Наобум я позвонила своему старому знакомому — писателю, жившему, как я уже говорила, в Германии. Он регулярно заходил в наш салон еще давно, объявляясь в Москве, а потом и в «Носорог», но теперь как раз оказался в Берлине и сразу ответил, когда я набрала его номер.
— Соня? Мармеладова? — удивился он, не сразу узнав мой голос. — Ты в Австрии, судя по номеру?
Я совсем не симпатизировала анемичной проститутке из романа Достоевского, но желания клиента надо, по возможности, выполнять: писателю нравилось называть меня так, а мне было, по большому счету, все едино. В принципе, те, кто платил мне деньги, знали меня как Сильвию, но для такого человека я сделала исключения и открыла ему великий секрет — свое настоящее имя, отчего–то приглянувшееся в позапрошлом веке Федору Михайловичу.

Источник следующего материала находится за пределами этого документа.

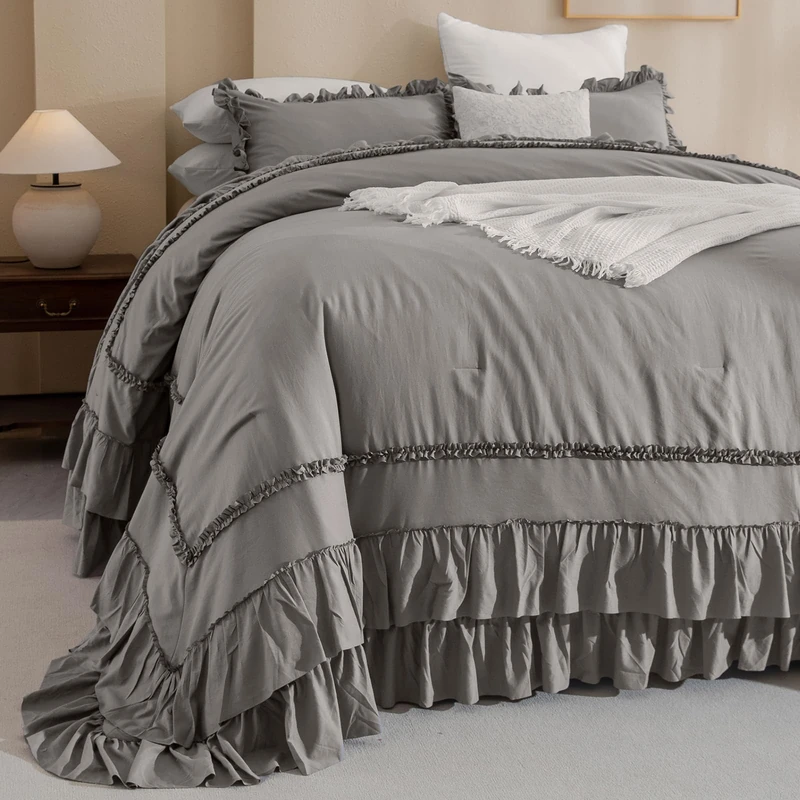 Masaca Grey Oversized King Comforter 120x120,Farmhouse Shabby Boho Chic Gray Ruffled California King Comforter Oversized,Vintage French Country Bedding Comforter with Ruffles for All Season
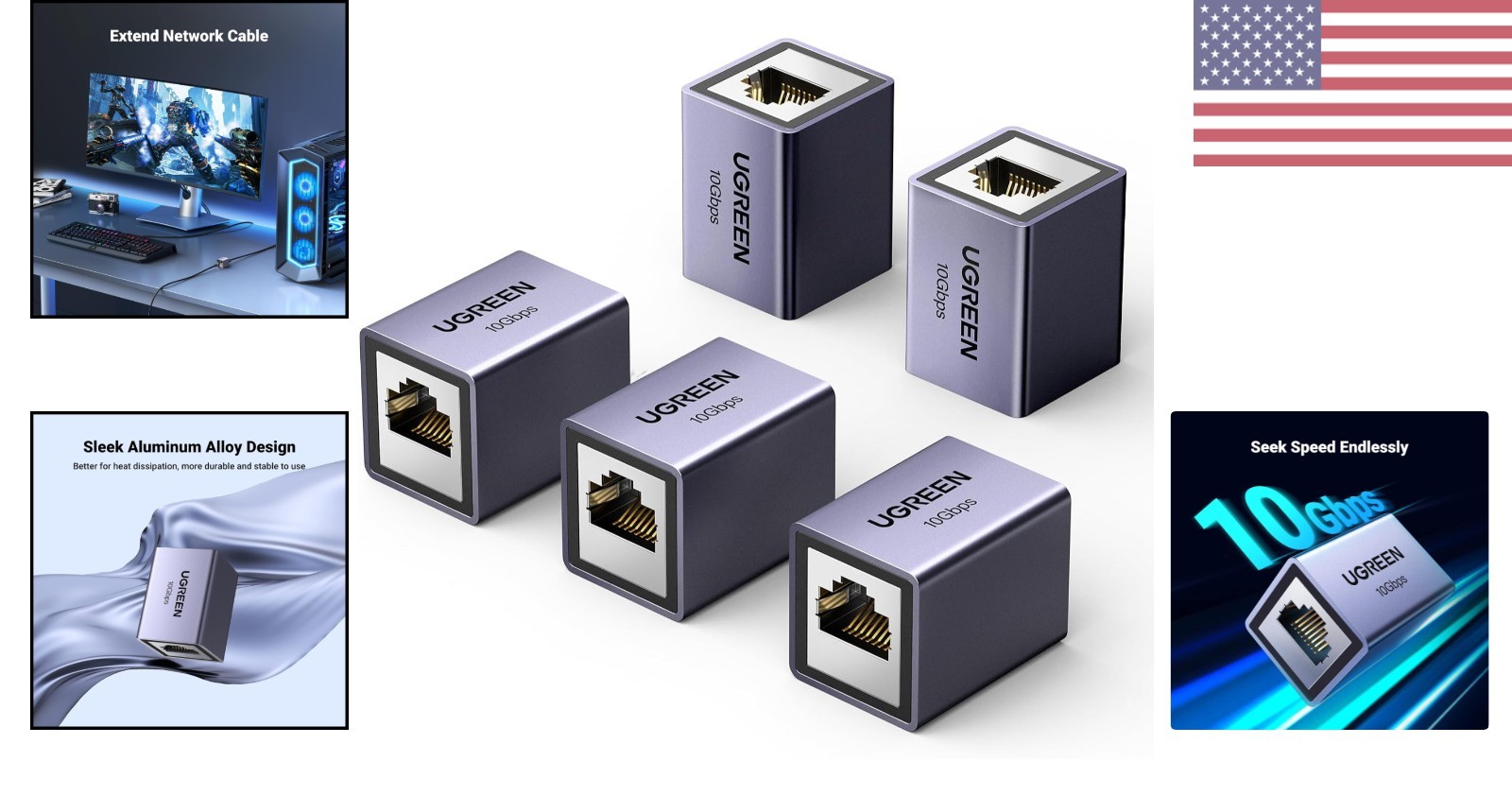 Universal RJ45 Ethernet Coupler 10Gbps – Aluminum 5 Pack for Long-Distance Use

Словом, писатель весьма оживился, услышав, что я нахожусь неподалеку от него. Он сказал, что как раз едет в Нюрнберг, чтобы участвовать там в заседании Пен-клуба, и было бы просто замечательно, если я смогу приехать туда. Я не стала корчить из себя занятую бизнес-вумен, которой я, собственно, еще и не стала, а сказала ему, что встретиться будет здорово, если он обещает уделить мне время и показать настоящую Германию.
И он, как ни странно, пообещал.
Брюхо, как мне показалось, без всякого сожаления пожелал мне хорошенько развеяться и добавил, что двери его дома всегда для меня открыты. Напоследок он подарил мне пятьсот евро, от которых я решила не отказываться. Я купила карту автомобильных дорог Европы и, загрузив свой единственный чемодан в багажник, распрощалась с австрийской столицей. Все было как–то легко, просто, совсем без надрыва, только вот на душе моей лежала корочка стылой грусти, как на осенних лужах в России после заморозков.